Out came the tipex and the changes were duly made.
Annoying thing is I don't even remember volunteering for this job.
To celebrate we have now adopted our own version of Souxsie and the Banshees' greatest hit...
"This is... a happy hub,
We're happy here... In this happy hub."
etc etc etc
Meanwhile I have now eaten three successive curries. Not a bad effort I think you'll agree, though I pity anyone who stands too close to me.

Wednesday, March 26, 2008

Yucky Liver

I DON'T expect you will be too surprised to learn that the Prince of Darkness has been involved in high-level discussions about the merits of Devil Dogs. More to the point, the Prince was talking over the virtues of Rottweillers with a lesbian who, according to my sources, looked remarkably like one of the Fraggles from Fraggle Rock.
You won't be at all surprised to learn that this happened during the dying embers of boozeday Tuesday when the Prince and some of his dastardly cohorts were stalking around some of the late night drinking dens of Cardiff, waiting to prey on unsuspecting virgins (unlikely, I know, that you would find any unsuspecting Cardiff virgins in late night drinking dens on a Tuesday night).
Certainly the person he encountered didn't quite fit the description. In fact, she openly admitted that not only was she a lesbian but she had a husband who was the proud founder of a number of porn sites and "would it be possible to advertise them in your newspaper. They are very popular".
At this point I am told the Prince made his excuses and left. Even HE couldn't handle this kind of debauchery.

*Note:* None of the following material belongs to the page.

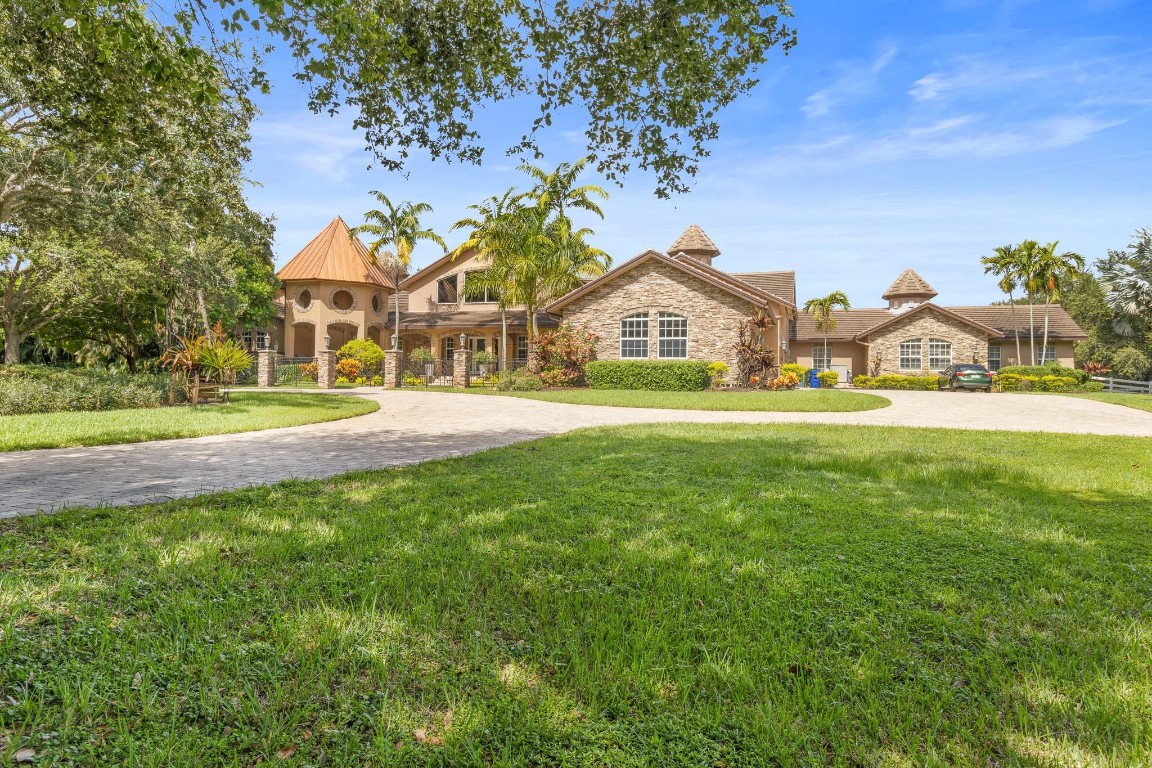 Welcome to one of Sunshine Ranches' most premiere rare 10-acre +/- luxury estate, where sophistication gracefully intertwines with nature's beauty. This immaculate 5-bedroom residence boasts en-suite baths, a home theatre, and a private office for seamless living. Entertain in style with a delightful patio, summer kitchen, and an inviting outdoor fireplace that set the scene for unforgettable gatherings around your resort style pool. Equestrian enthusiasts will relish the blissful paradise, featuring 2 stables with 6 & 8 stalls, riding rings, and ample turnouts. Embrace the tranquility of 115+/- majestic oak trees that adorn the landscape, creating an idyllic ambiance. Experience the perfect balance of exclusivity and convenience in the highly sought-after Southwest Ranches community.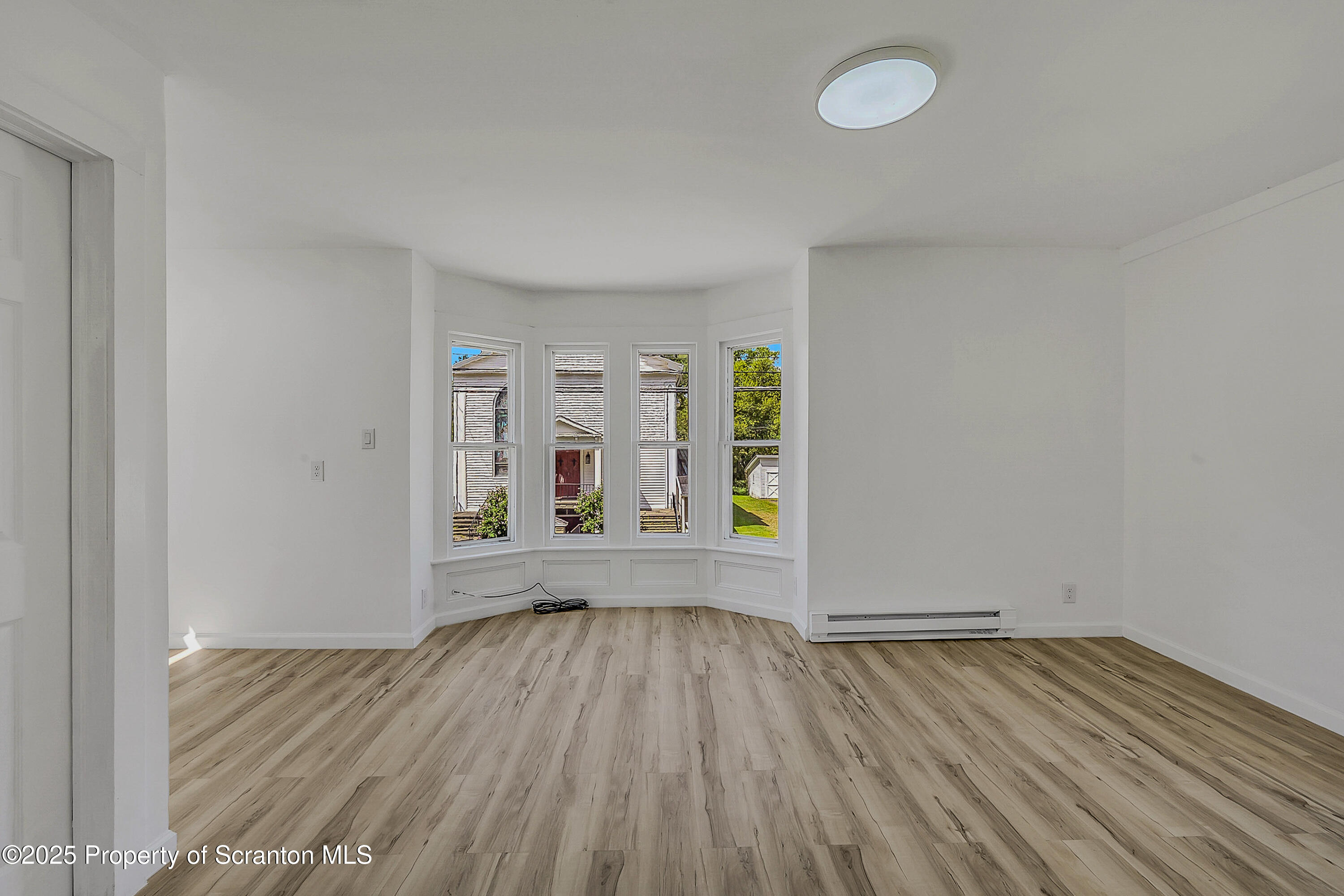 218 East Main Street Susquehanna, PA 18847 - Photo 28 of 43 an empty room with wooden floor and windows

Talking of the Prince's antics reminded me of my own rather disappointing experience with a bit of shrivelled liver. On Monday afternoon I took up the challenge of cooking a Nigel Slater recipe of grilled liver with a red pepper and garlic sauce. It was not nice.
Added to that I attempted one of his artichoke recipes, which was equally poor. Maybe I didn't follow his instructions to the letter but all I can say is that it can be really disappointing when the final product of three hours work looks absolutely nothing like the colourful picture of said meal in the magazine you have taken the recipe from. As for artichokes... pah... don't think I'll be trying them again in a hurry.
I'd let you make your own minds up, but for all the trouble and time it took I can't be bothered to put the recipe on this blog to inflict anyone else with the same feeling of dejection that consumed me.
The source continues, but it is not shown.